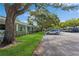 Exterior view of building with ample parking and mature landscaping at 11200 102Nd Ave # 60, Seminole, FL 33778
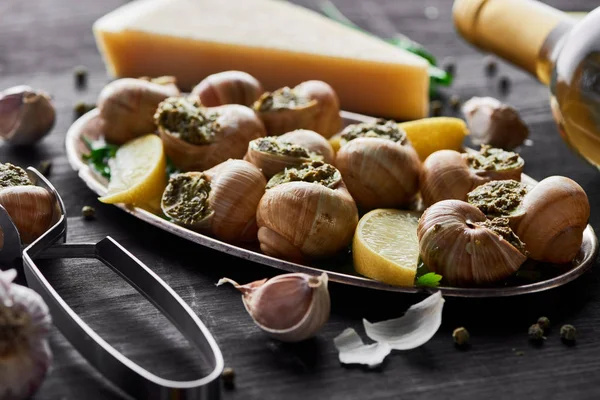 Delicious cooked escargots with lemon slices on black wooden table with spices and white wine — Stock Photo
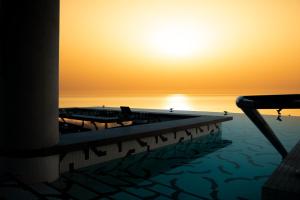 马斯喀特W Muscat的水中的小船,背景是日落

※ ※ ※

▶ **Exercise**
Quote the material above exactly, from the line holding "Delicious cooked escargots" through its last line, including both. Omit the pictures.

▶ **Response**
 Delicious cooked escargots with lemon slices on black wooden table with spices and white wine — Stock Photo
 马斯喀特W Muscat的水中的小船,背景是日落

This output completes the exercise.